Captioned web images:

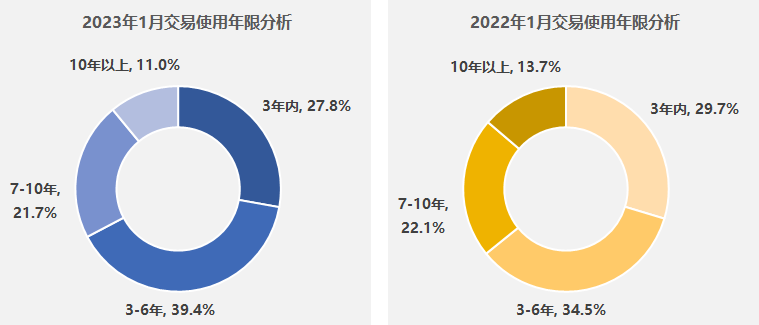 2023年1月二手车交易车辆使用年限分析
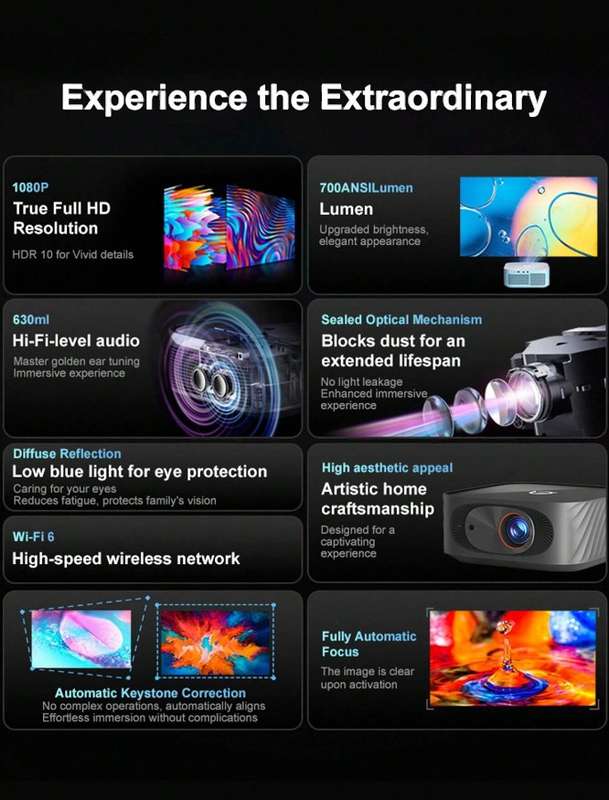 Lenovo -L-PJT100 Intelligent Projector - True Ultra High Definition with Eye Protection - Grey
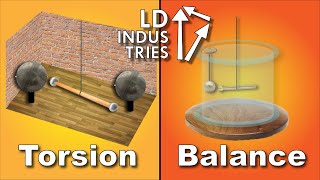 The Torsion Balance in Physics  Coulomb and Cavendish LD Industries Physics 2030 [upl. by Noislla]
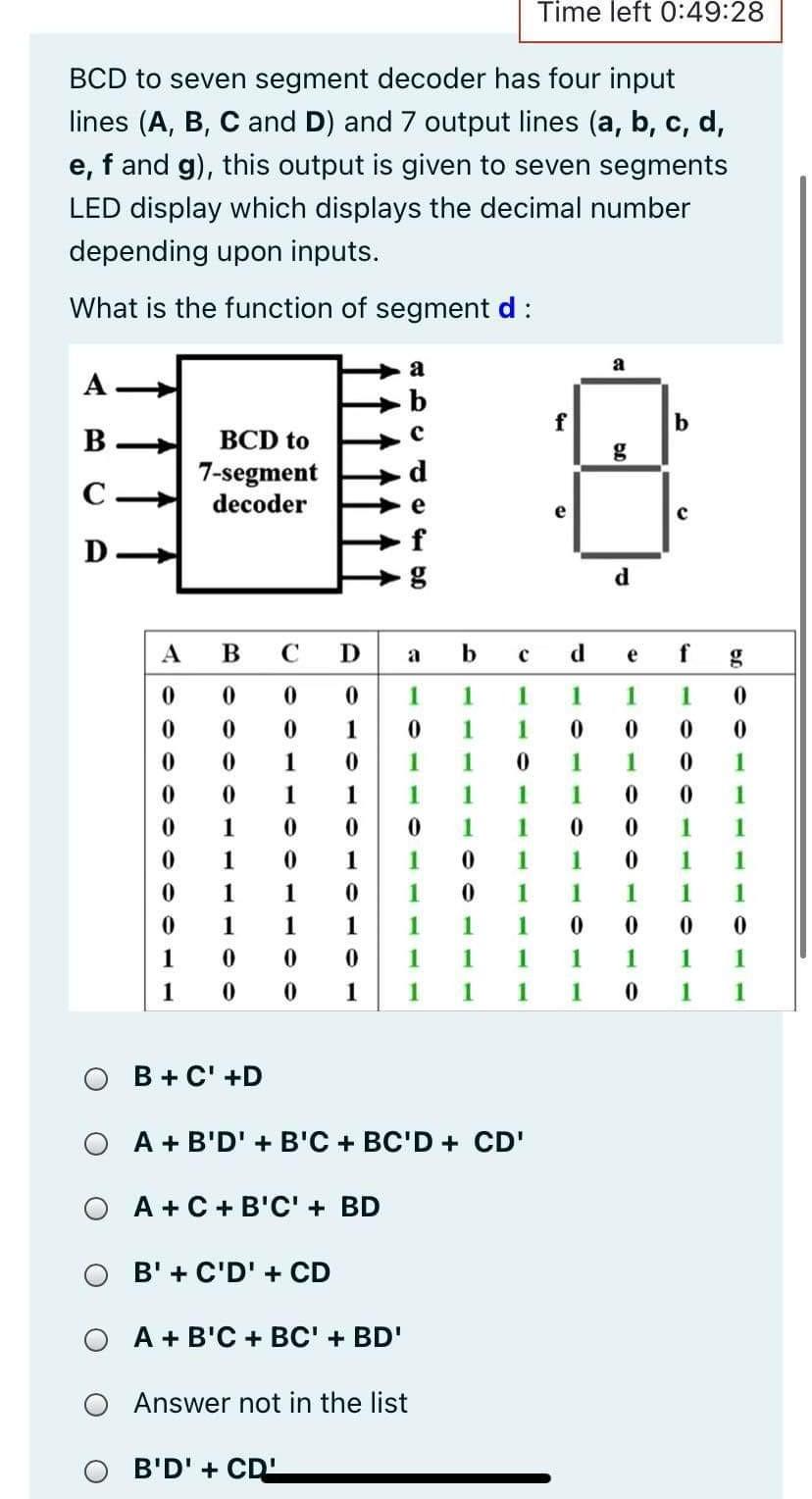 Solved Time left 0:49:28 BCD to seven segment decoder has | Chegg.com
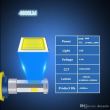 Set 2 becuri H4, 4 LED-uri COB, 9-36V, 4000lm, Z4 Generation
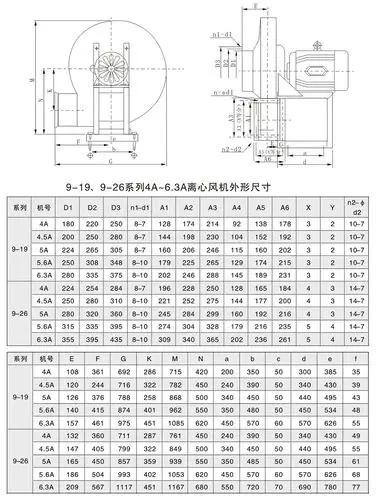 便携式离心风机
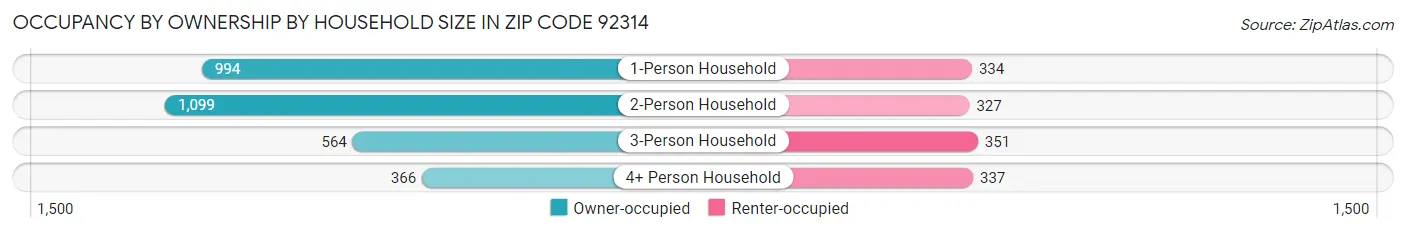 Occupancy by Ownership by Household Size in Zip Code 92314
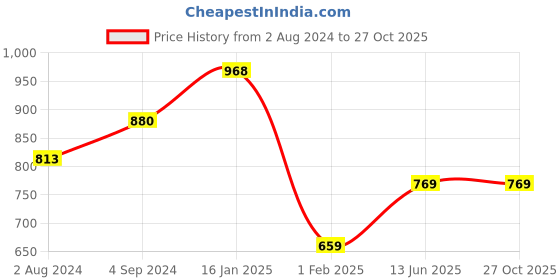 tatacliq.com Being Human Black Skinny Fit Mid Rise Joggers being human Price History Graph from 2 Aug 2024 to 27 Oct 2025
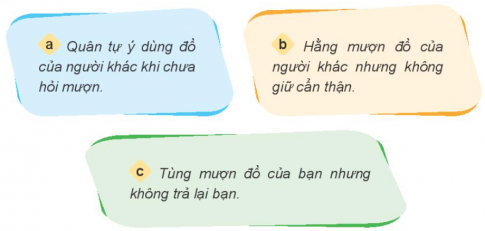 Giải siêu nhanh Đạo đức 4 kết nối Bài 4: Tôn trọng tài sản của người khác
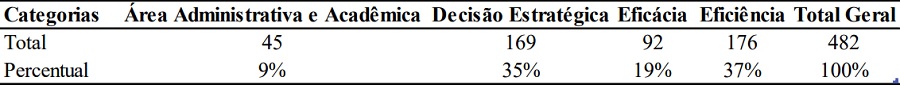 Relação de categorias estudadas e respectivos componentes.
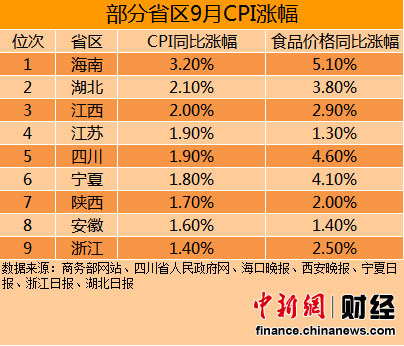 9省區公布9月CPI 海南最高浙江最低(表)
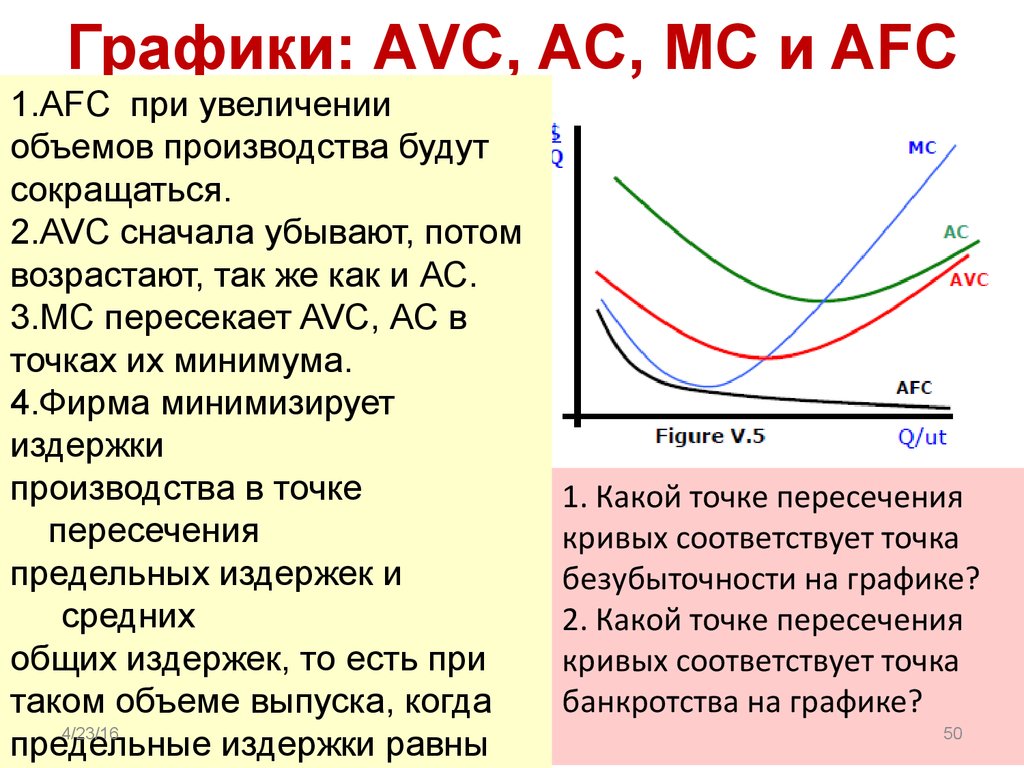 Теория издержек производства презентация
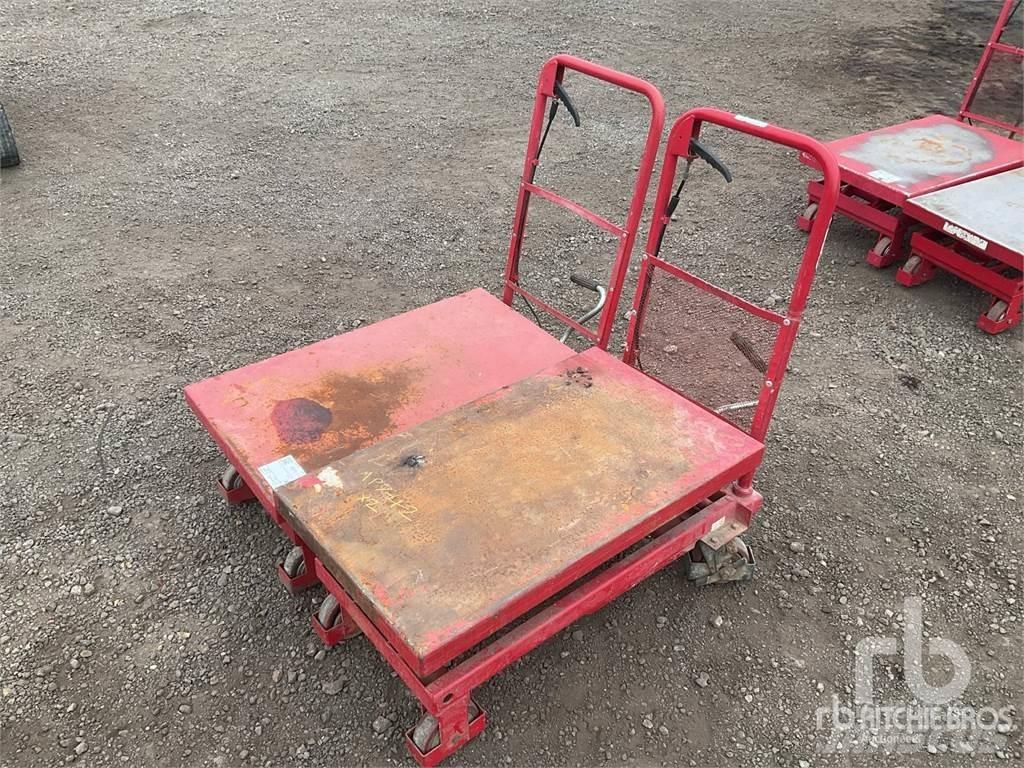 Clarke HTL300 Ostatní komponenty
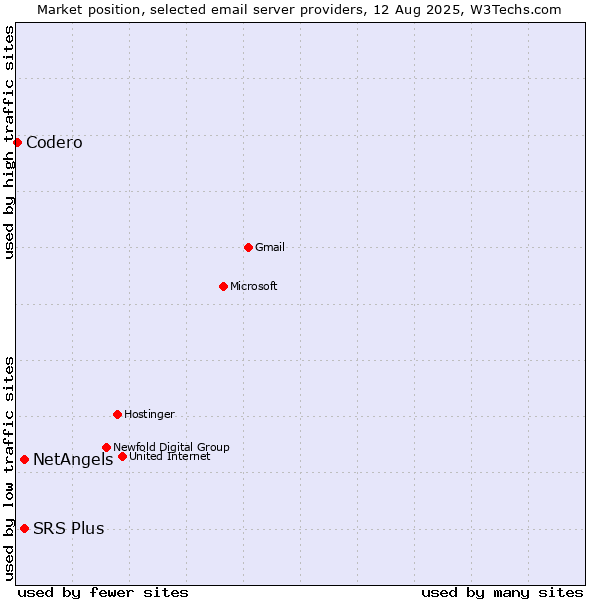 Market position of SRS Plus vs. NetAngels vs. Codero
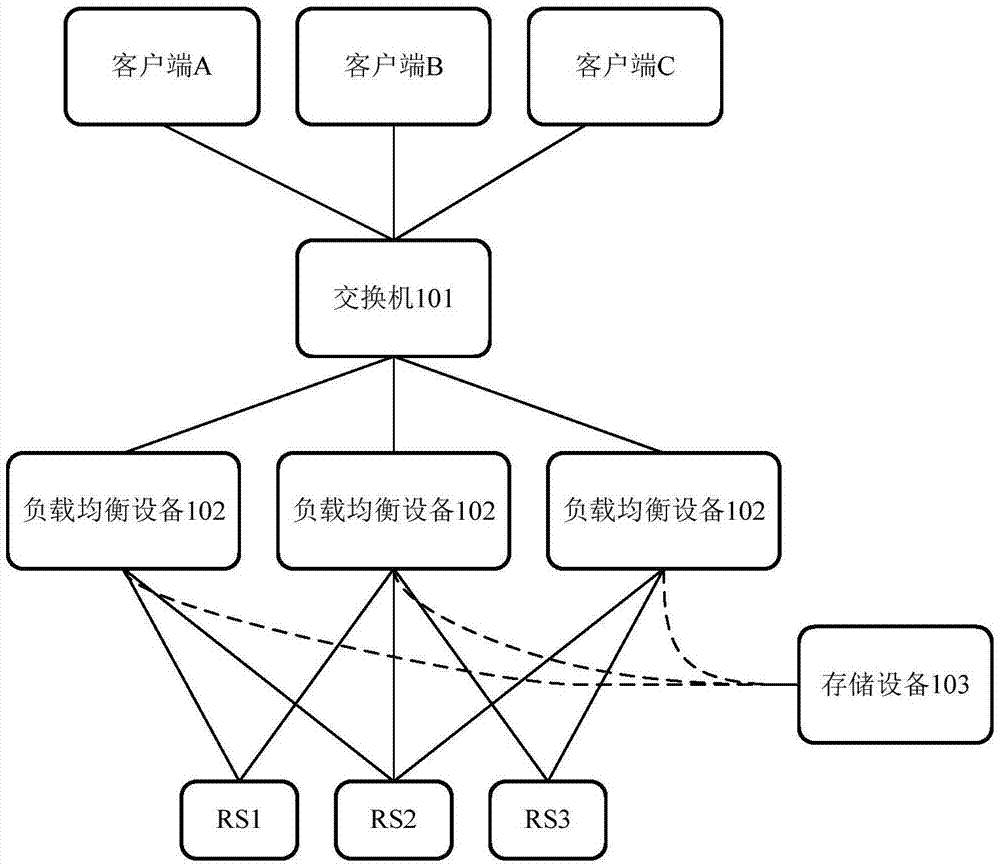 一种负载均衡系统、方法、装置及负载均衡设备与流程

Work required:
Beginning with the line above that has "Lenovo -L-PJT100 Intelligent" and going on through the line that has "Occupancy by Ownership", retype every line exactly and add nothing else; drop the pictures.

Response box:
 Lenovo -L-PJT100 Intelligent Projector - True Ultra High Definition with Eye Protection - Grey
 The Torsion Balance in Physics  Coulomb and Cavendish LD Industries Physics 2030 [upl. by Noislla]
 Solved Time left 0:49:28 BCD to seven segment decoder has | Chegg.com
 Set 2 becuri H4, 4 LED-uri COB, 9-36V, 4000lm, Z4 Generation
 便携式离心风机
 Occupancy by Ownership by Household Size in Zip Code 92314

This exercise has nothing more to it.